Since the Watergate era, other dirty tricks have defined the character of Republican presidential campaigns. Republican strategist Lee Atwater made a career out of spreading fabricated stories about Ronald Reagan and George H.W. Bush's political opponents. During the 1988 presidential campaign, Atwater circulated a story that Democratic nominee Michael Dukakis had been treated for depression, suggesting that was the reason the Massachusetts governor refused to release his medical records. George W. Bush's political adviser Karl Rove was allegedly responsible for rumors that Texas Gov. Ann Richards, a Democrat, was a lesbian during the 1994 gubernatorial campaign, and that Sen. John McCain, R-Arizona, had an African-American “love child” during the 2000 Republican primaries.

Russian interference may have crossed a line for many Republicans, but the party's embrace of the culture of Watergate opened the door to foreign influence.
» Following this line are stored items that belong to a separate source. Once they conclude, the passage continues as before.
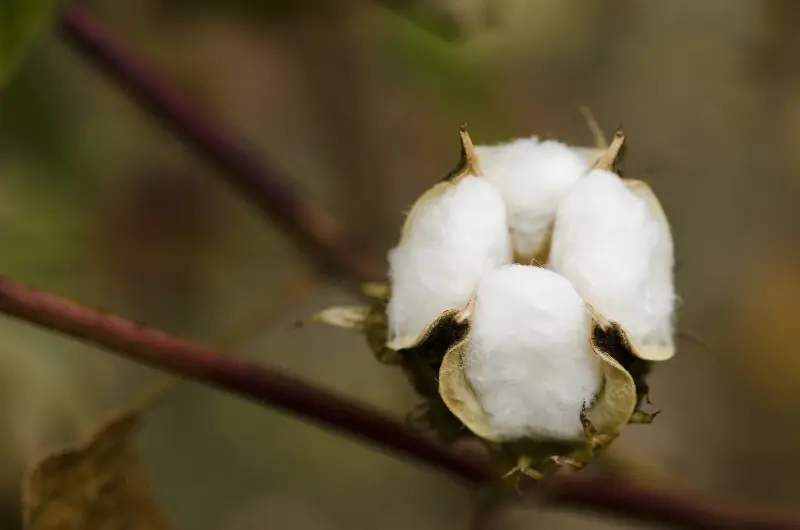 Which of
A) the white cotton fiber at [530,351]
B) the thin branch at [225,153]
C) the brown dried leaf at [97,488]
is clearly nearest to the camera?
the white cotton fiber at [530,351]

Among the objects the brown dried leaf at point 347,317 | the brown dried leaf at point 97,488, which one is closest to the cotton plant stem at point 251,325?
the brown dried leaf at point 97,488

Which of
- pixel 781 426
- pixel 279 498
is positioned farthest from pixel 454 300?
pixel 781 426

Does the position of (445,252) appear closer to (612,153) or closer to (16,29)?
(612,153)

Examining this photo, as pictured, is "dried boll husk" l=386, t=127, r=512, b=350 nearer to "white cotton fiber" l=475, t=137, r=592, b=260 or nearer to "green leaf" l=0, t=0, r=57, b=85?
"white cotton fiber" l=475, t=137, r=592, b=260

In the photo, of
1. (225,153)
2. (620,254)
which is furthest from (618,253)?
(225,153)

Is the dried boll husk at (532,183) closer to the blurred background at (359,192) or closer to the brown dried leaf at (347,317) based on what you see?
the brown dried leaf at (347,317) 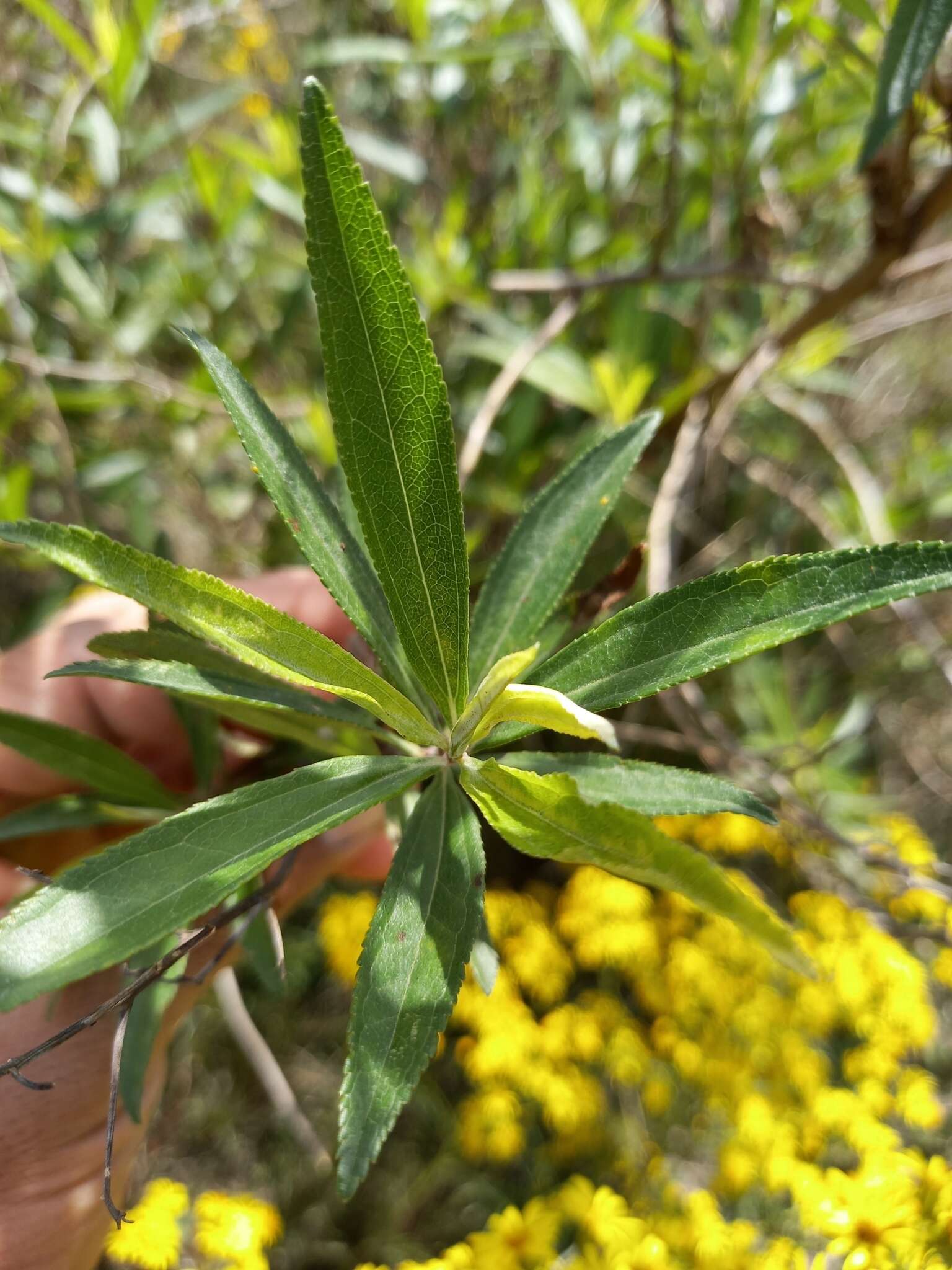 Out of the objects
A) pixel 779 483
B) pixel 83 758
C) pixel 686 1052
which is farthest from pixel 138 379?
pixel 686 1052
From Nixon's dirty tricks to a president who openly questioned the authenticity of the first African-American president's birth certificate, the party created a culture in which a foreign power knew that it's interference would be welcomed.

Analysis and coverage of Mueller's investigation has often been colored by the unprecedented nature of the allegations surrounding the 2016 election. Last summer, former director of national intelligence James Clapper Jr. declared, “I have to say, though, that I think when you compare the two, that Watergate pales really in my view compared to what we're confronting now.”

It's still entirely possible that Clapper's assessment may prove to be true. But we need to fully confront the past actions of Americans, including a president, who sought to subvert our democratic institutions. That culture, which lives on in the GOP today - a Republican super PAC recently sent a mailer “thanking” Democratic congressional candidate Conor Lamb for opposing gun control to Democratic voters in an effort to hurt Lamb in Tuesday's special election in Pennsylvania - has long benefited the party and created the environment in which foreign meddling was possible.

Michael Koncewicz is the Cold War collections specialist at New York University's Tamiment Library and is currently working on a book entitled “They Said No to Nixon: Republicans Who Stood Up to the President's Abuses of Power.” From the Washington Post.